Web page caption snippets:
=== Section Start ===

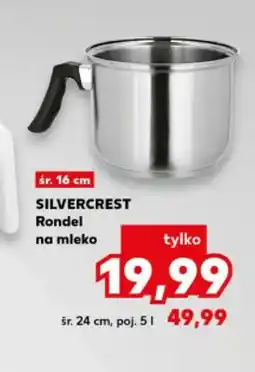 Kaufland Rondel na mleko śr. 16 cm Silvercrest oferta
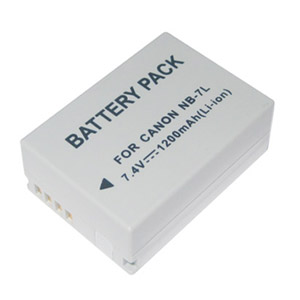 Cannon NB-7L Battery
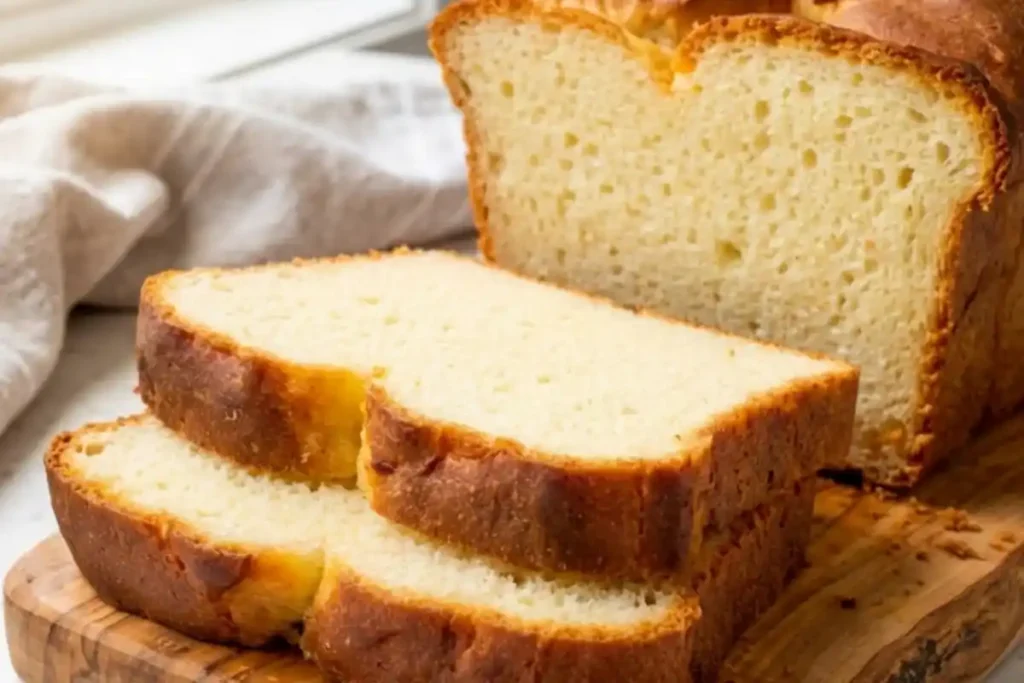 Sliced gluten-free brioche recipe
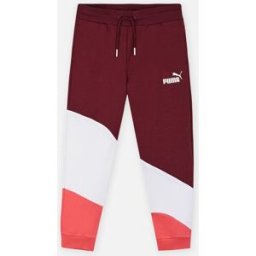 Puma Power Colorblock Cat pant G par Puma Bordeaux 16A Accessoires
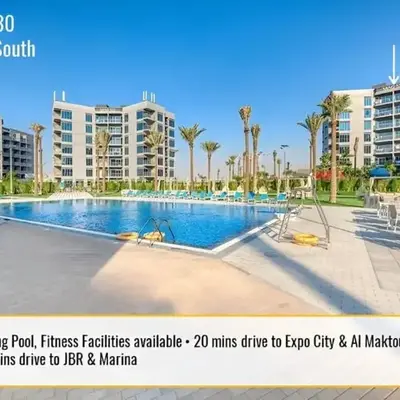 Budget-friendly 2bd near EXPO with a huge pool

=== Section End ===

Print once more, exactly, the lines from the one with "Puma Power Colorblock" through the last line of the data, both ends included, without any pictures.

 Puma Power Colorblock Cat pant G par Puma Bordeaux 16A Accessoires
 Budget-friendly 2bd near EXPO with a huge pool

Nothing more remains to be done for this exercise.